Little Parvathy will live to tell her tale

Toddler undergoes transplant surgery with her father and grandmother donating liver and kidney respectively

February 18, 2017 07:00 pm | Updated 07:00 pm IST

KOCHI: Shinumon M.R. and Saritha Shinu had been over the moon for three months since the birth of their daughter Parvathy.

However, the happiness of the couple from Kodakara in Thrissur district was short-lived as the toddler was diagnosed with a chronic kidney problem.
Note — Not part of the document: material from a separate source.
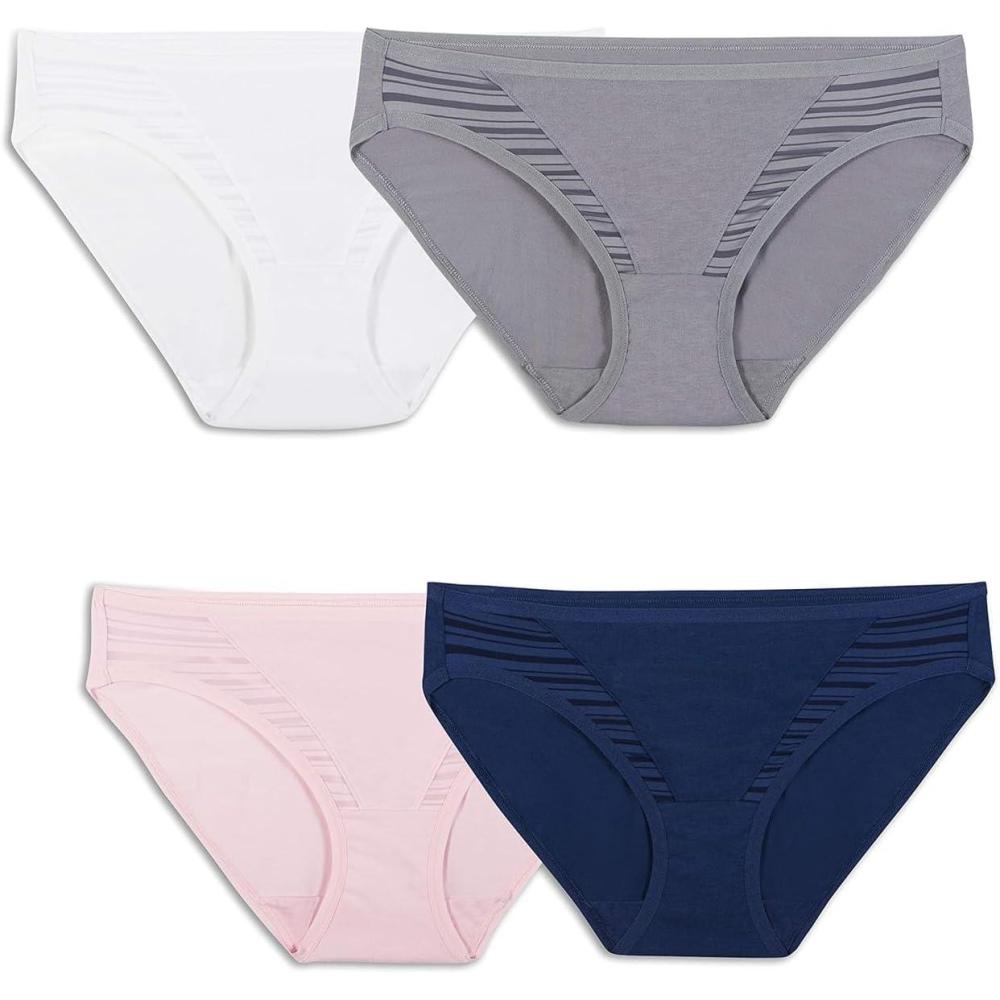 imageFruit of the Loom Womens Breathable Underwear Moisture Wicking Keeps You Cool ampamp Comfortable Available in Plus SizeCoolblend Bikini 4 Pack Colors May Vary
She had Primary Hyperoxaluria Type 1 — a very rare condition in which the deficiency of a liver enzyme called AGXT leads to an abnormal spike in blood Oxalate levels, which permanently damages kidney.

Doctors then zeroed in on a combined liver-kidney transplant, the only option available to save Paravathy’s life. Shinumon and Parvathy’s grandmother Sathy Raghavan volunteered to donate their liver and kidney respectively. In hindsight, finding donors was the easiest part.

What proved excruciating was the wait for the toddler to gain weight as the transplant surgery required her to gain at least 10 kg. However, she stopped gaining weight at 7 kg owing to multiple complications even as she was put on intense nutritional rehabilitation.

Watching her condition worsen by the day, doctors at Aster Medcity decided to go ahead with the surgery notwithstanding the high risk involved. The main challenge for the transplant surgery on the 20-month-old was her weight and size, for transplanting a disproportionate kidney runs the risk of compression of kidney veins leading to clots in the transplanted organ.

“The solution was to remove her damaged right kidney and use the space vacated by her liver to place the new kidney. The blood volume in her kidney too had to be increased using highly specialised perioperative anaesthetic techniques,” said Dr. Mathew Jacob, consultant liver and abdominal multi-organ transplant surgeon.

The 20-hour procedure got under way after two weeks of extensive planning and preparation in January. The procedure comprising three simultaneous surgeries — liver donor, kidney donor, and recipient — was successfully carried out by a team of surgeons and anaesthetists led by Suresh G. Nair. “This is the first time in the world that a dual live-donor-liver and kidney transplant surgery has been performed on such a small child,” the hospital said in a press release.

Parvathy recuperated at the hospital in 51 days post-surgery and started gaining weight.